■ **TASK INPUTS**:
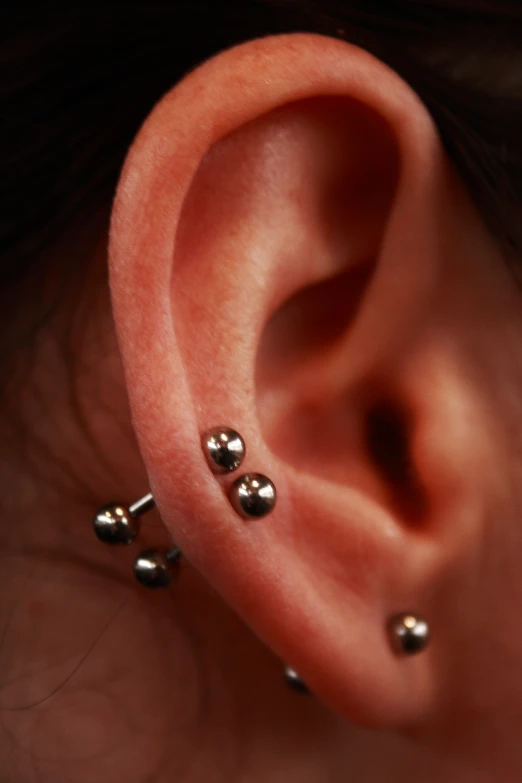 two silver colored balls are pinned into the ear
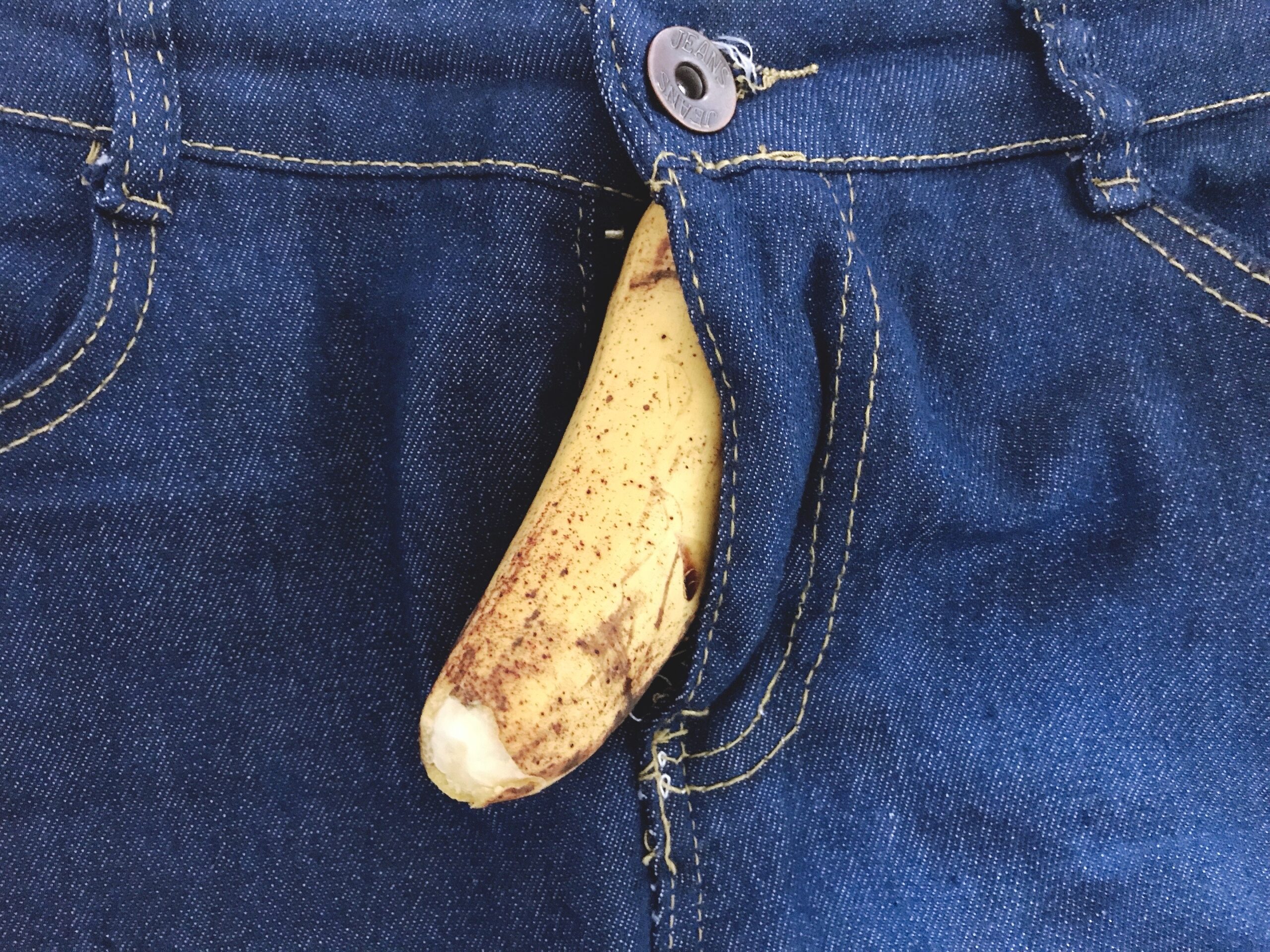 penile discharge
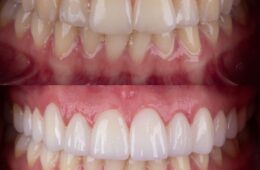 Teeth Whitening Curaçao: 7 Proven Benefits for a Brighter Smile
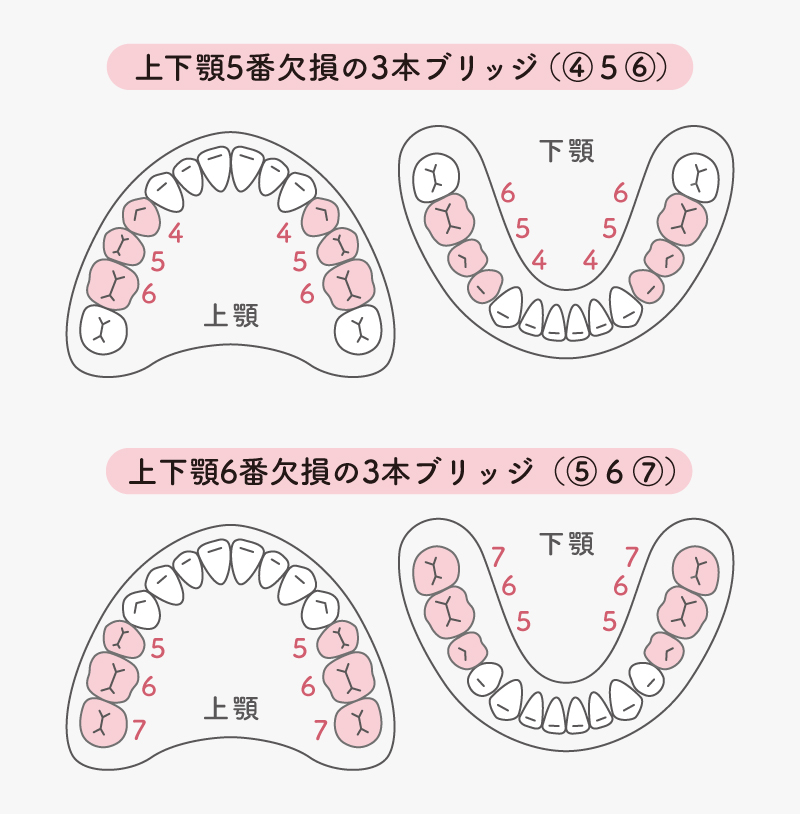 SHIN-BOWの適用範囲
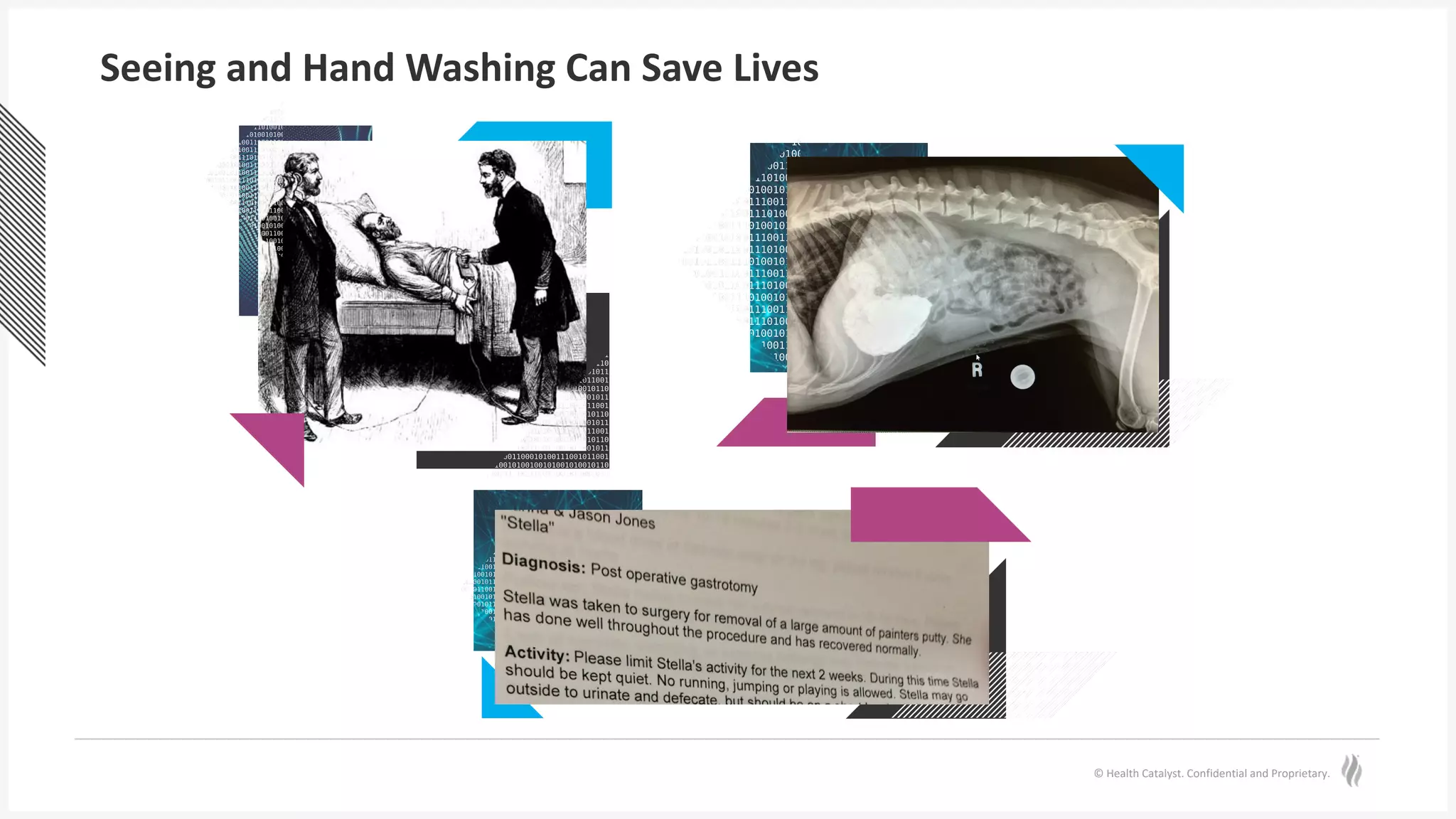 © Health Catalyst. Confidential and Proprietary.
Seeing and Hand Washing Can Save Lives
 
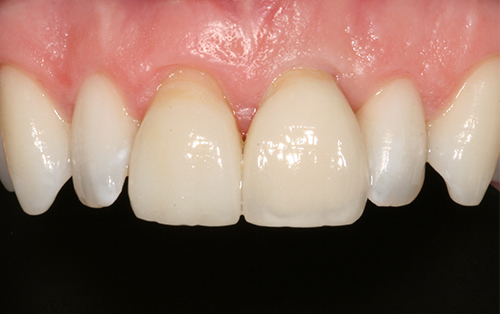 Single tooth implant after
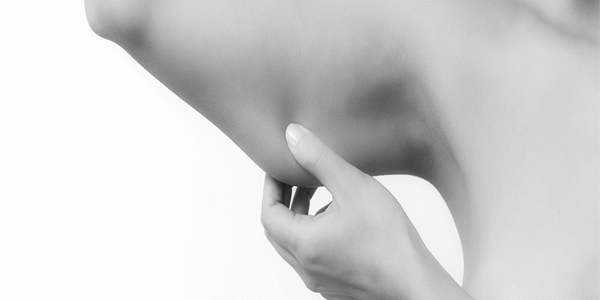 Adieu les Bras Flasques : Guide Complet du Quantum Lifting Bras (RFAL)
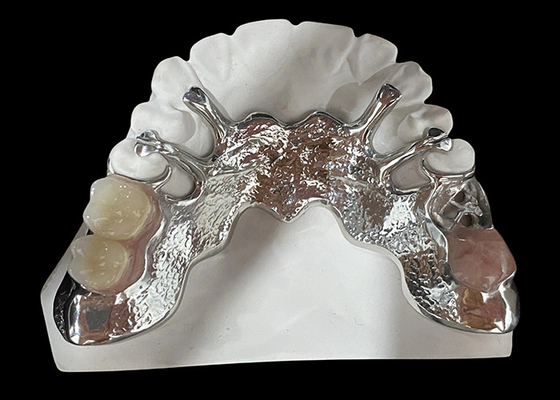kaufen Anpassungsfähiger Guss-Teilentfernbarer Zahnersatz mit Acrylharz / Metallbasis online manufacture
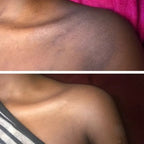 🔥CLAREIA MANCHAS ESCURAS NO CORPO: ROSTO, AXILAS, BUNDAS, VIRILHAS E UNIFORMIZE SUA PELE EM 14 DIAS😍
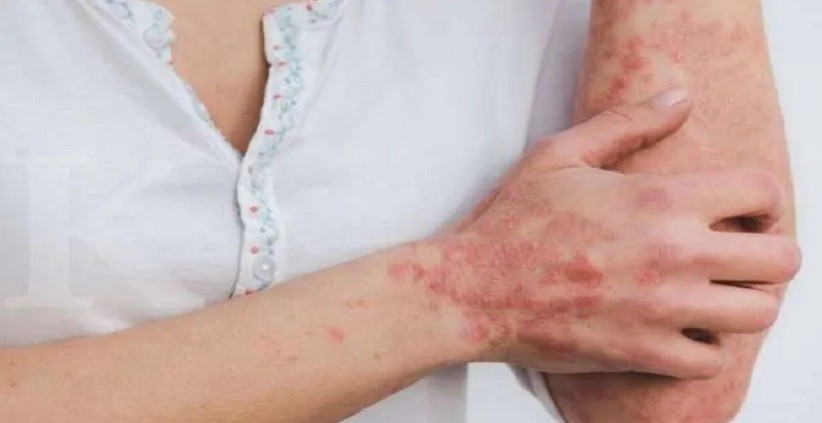 3 Cara Mengobati Kurap yang Sudah Lebar, Pakai Lidah Buaya hingga Kunyit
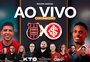 Brasil de Pelotas x Inter ao vivo com imagens na Jornada Digital da Gaúcha; acompanhe  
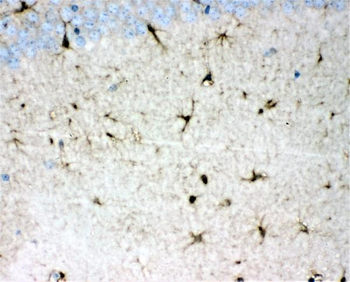 Anti-DDAH1 Antibody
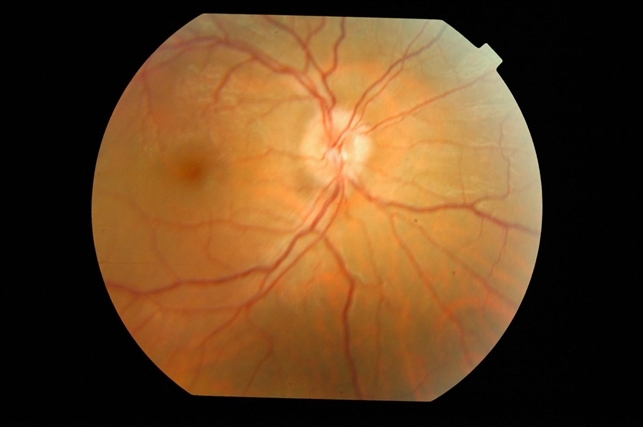 Papilledema Mild - Retina Image Bank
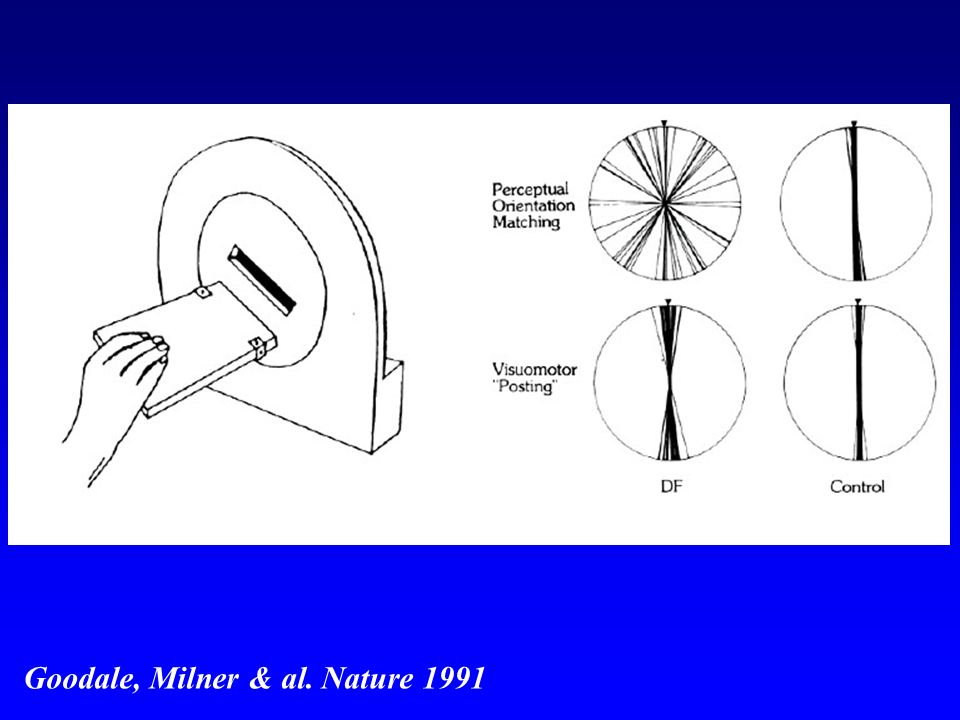 Goodale, Milner & al. Nature 1991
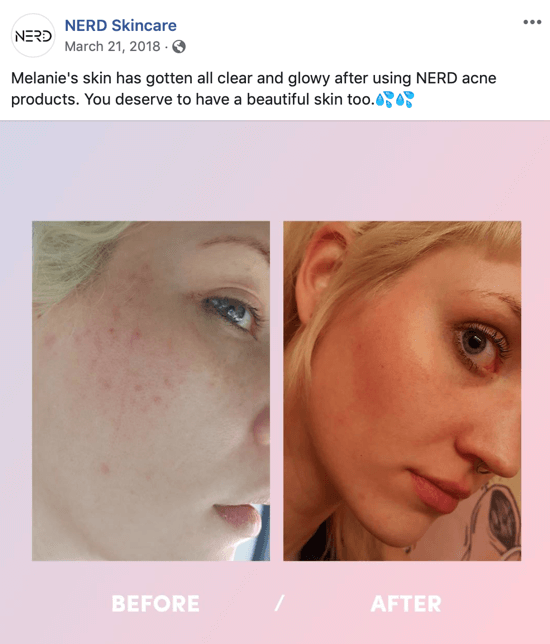 Przykład tego, jak firma Nerd Skincare wykorzystała zdjęcie przed i po, aby utworzyć post ze zdjęciem do mediów społecznościowych, który napędza zakupy ich produktów.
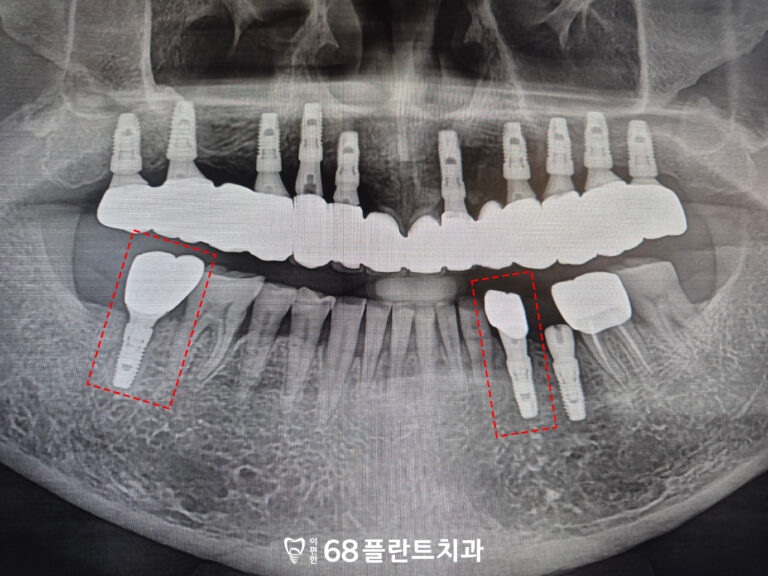 철산역임플란트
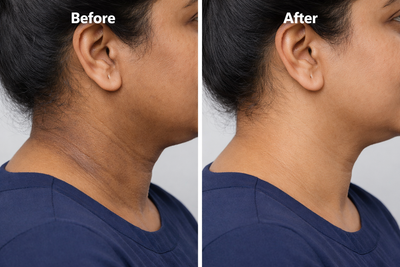 Dark Neck & Body Pigmentation: Causes and How to Even It Out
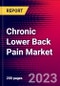 Chronic Lower Back Pain Market by Disease, by Diagnosis, by Treatment, by End User, and by Region - Global Forecast To 2022-2033 - Product Image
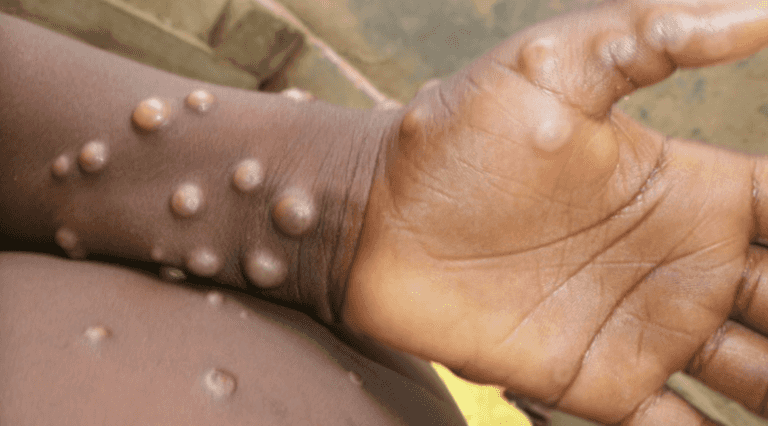 Monkeypox: Two more people diagnosed in the UK Monkeypox: Two more people diagnosed in the UK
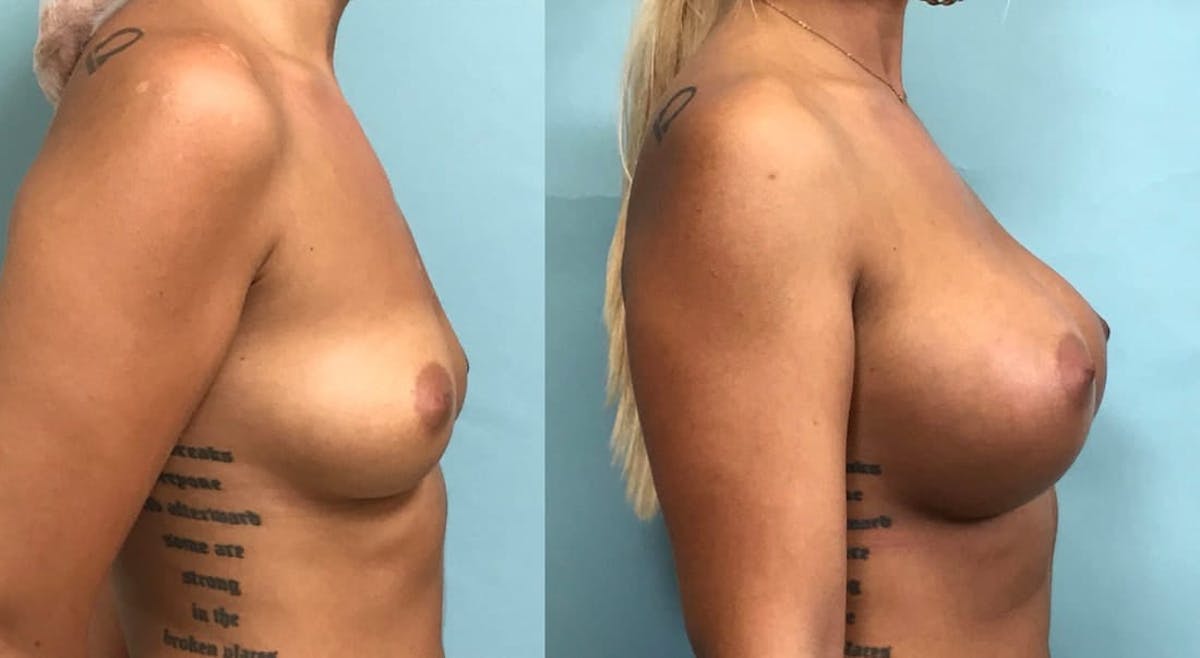 Breast Augmentation Before & After Gallery - Patient 191184 - Image 1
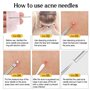 10Pcs Extracteur Point Noirs Professional Trousse à Outils, Blackhead Remover Outil avec Boîte Extracteur de Point Noir pour Tir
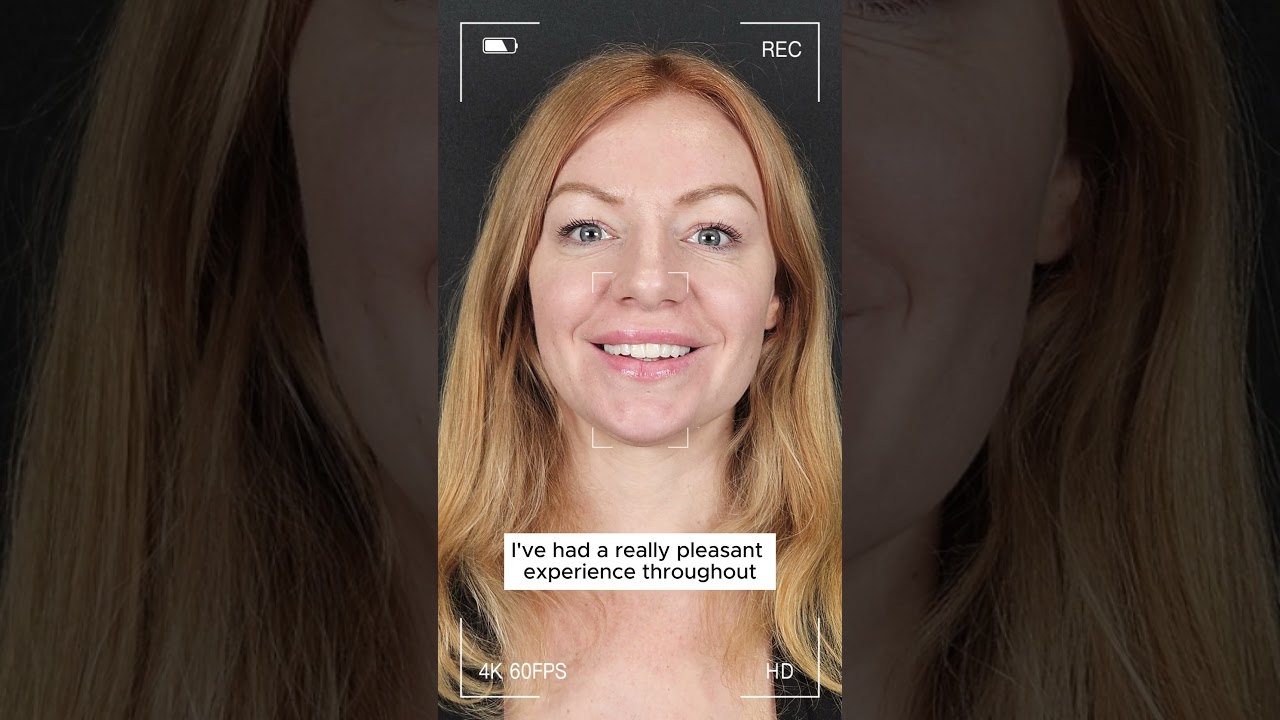 Zirconium Crowns Smile Transformation | Suzanne’s Story from the UK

■ **WHAT THE EXERCISE ASKS**: Above are records; repeat only the lines from the line with "Papilledema Mild - Retina Image Bank" through the line with "Breast Augmentation Before", and leave pictures out.

■ **RESPONSE TO THIS EXERCISE**:
 Papilledema Mild - Retina Image Bank
 Goodale, Milner & al. Nature 1991
 Przykład tego, jak firma Nerd Skincare wykorzystała zdjęcie przed i po, aby utworzyć post ze zdjęciem do mediów społecznościowych, który napędza zakupy ich produktów.
 철산역임플란트
 Dark Neck & Body Pigmentation: Causes and How to Even It Out
 Chronic Lower Back Pain Market by Disease, by Diagnosis, by Treatment, by End User, and by Region - Global Forecast To 2022-2033 - Product Image
 Monkeypox: Two more people diagnosed in the UK Monkeypox: Two more people diagnosed in the UK
 Breast Augmentation Before & After Gallery - Patient 191184 - Image 1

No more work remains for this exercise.